CAMBRIDGE – During the past four years, the United States Federal Reserve has added enormous liquidity to the US commercial banking system, and thus to the American economy. Many observers worry that this liquidity will lead in the future to a rapid increase in the volume of bank credit, causing a brisk rise in the money supply – and of the subsequent rate of inflation.
That risk is real, but it is not inevitable, because the relationship between the reserves held at the Fed and the subsequent stock of money and credit is no longer what it used to be. The explosion of reserves has not fueled inflation yet, and the large volume of reserves could in principle be reversed later. But reversing that liquidity may be politically difficult, as well as technically challenging.
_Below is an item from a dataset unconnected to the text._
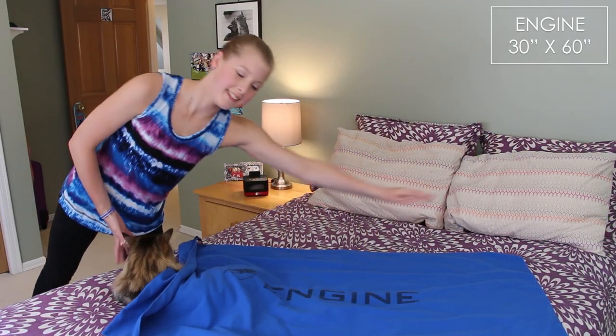It's 30 inches by 60 inches, so it's a pretty big towel. It's $25 on engineswim.com and I'll have links down below.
Anyone concerned about inflation has to focus on the volume of reserves being created by the Fed. Traditionally, the volume of bank deposits that constitute the broad money supply has increased in proportion to the amount of reserves that the commercial banks had available. Increases in the stock of money have generally led, over multiyear periods, to increases in the price level. Therefore, faster growth of reserves led to faster growth of the money supply – and on to a higher rate of inflation. The Fed in effect controlled – or sometimes failed to control – inflation by limiting the rate of growth of reserves.
The Fed began an aggressive policy of quantitative easing in the summer of 2008 at the height of the economic and financial crisis. The total volume of reserves had remained virtually unchanged during the previous decade, varying between $40 billion and $50 billion. It then doubled between August and September of 2008, and exploded to more than $800 billion a year later. By June of 2011, the volume of reserves stood at $1.6 trillion, and has since remained at that level.